Detect SquashFS errors (bad medium or optical drives) while Tails is running
Usually, when the medium is in bad shape, or if the optical drive has issues reading it properly, the live system starts to respond in strange ways (e.g. application crashes or don't start at all).
When this happens the kernel issues messages like the following:
[ 55.816599] SQUASHFS error: xz_dec_run error, data probably corrupt [ 55.816603] SQUASHFS error: squashfs_read_data failed to read block 0x7e05a9b [ 55.816606] SQUASHFS error: Unable to read data cache entry [7e05a9b] [ 55.816608] SQUASHFS error: Unable to read page, block 7e05a9b, size 6cac
Let's add to the wishlist an application that would monitor for these messages, and display a warning notification in case it happens stating something like:
The system is having trouble reading Tails CD. Either the medium has defects or the optical drive is not able to read it properly.

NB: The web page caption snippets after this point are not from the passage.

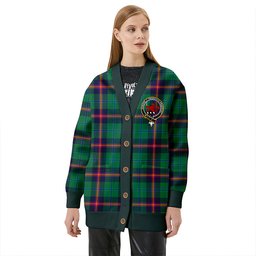Scottish Young Modern Clan Crest Tartan V neck Knitted Fleece Cardigans
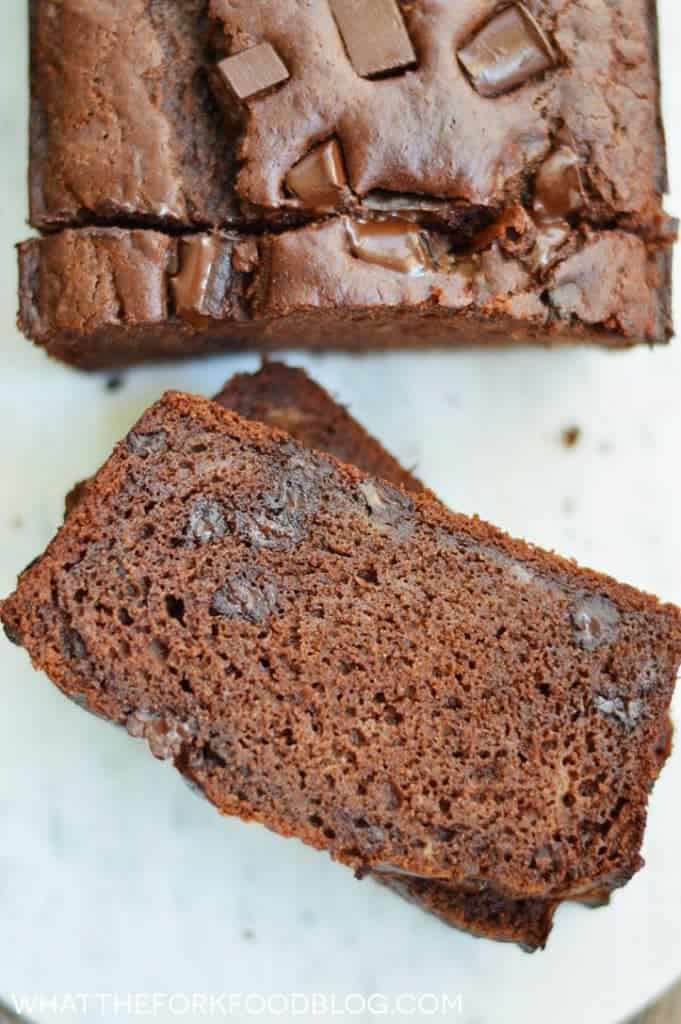 Double Chocolate Banana Bread (gluten free and dairy free) from What The Fork Food Blog | whattheforkfoodblog.com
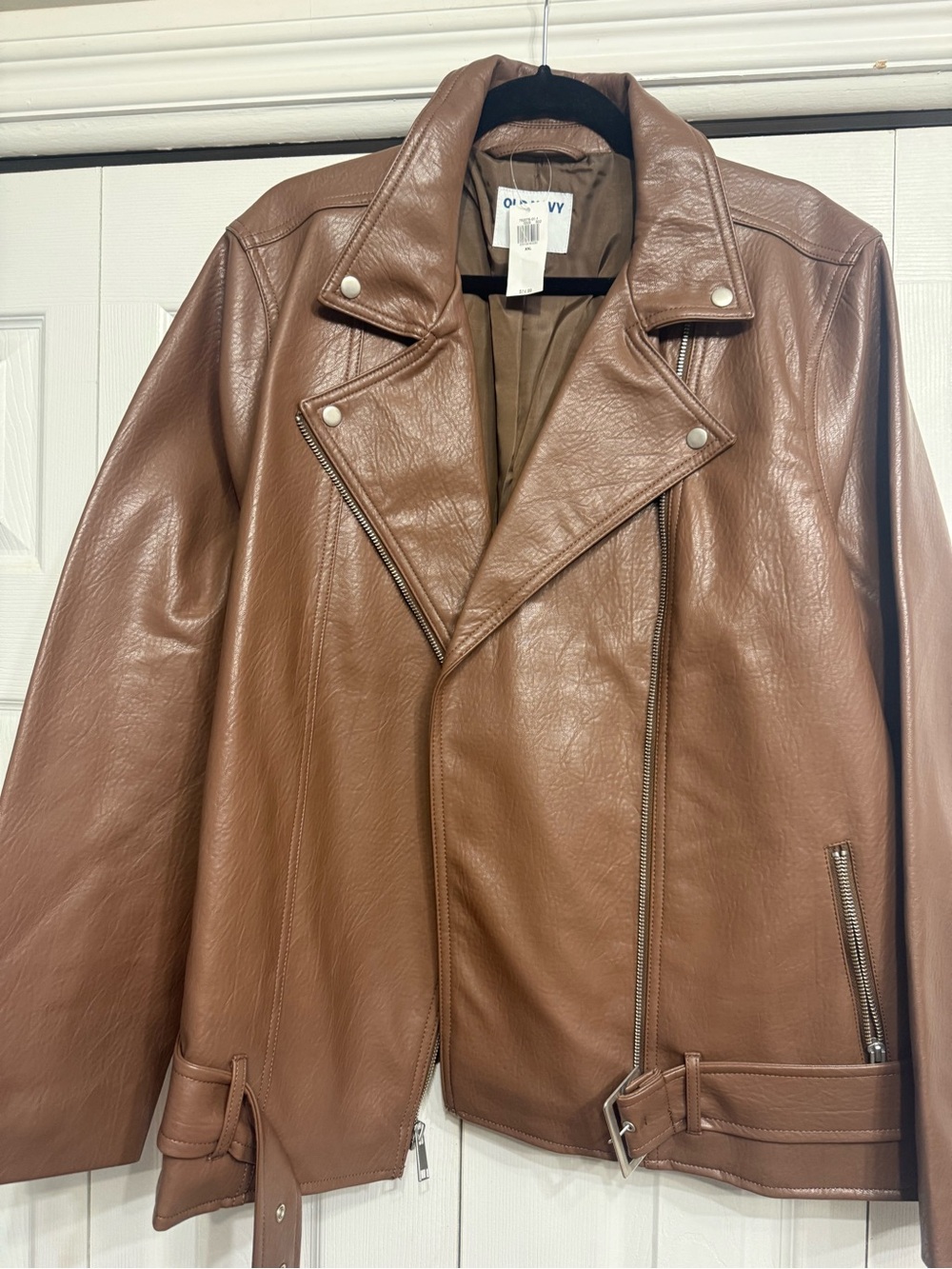 Old Navy Tan Brown Leather Moto Jacket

Please try another CD or use Tails from a USB stick.
This is about code and should be pretty easy for someone that knows a bit of either Perl or Python and GTK+ (no need for deep knowledge of Tails internals).
Ideally, the files needed by this application should be closer to the start of the CD and (maybe) locked into memory. That's in the hope there is less chance it will be unreadable itself.
#5 Updated by elouann almost 4 years ago
I faced this problem again (Tails device became read-only)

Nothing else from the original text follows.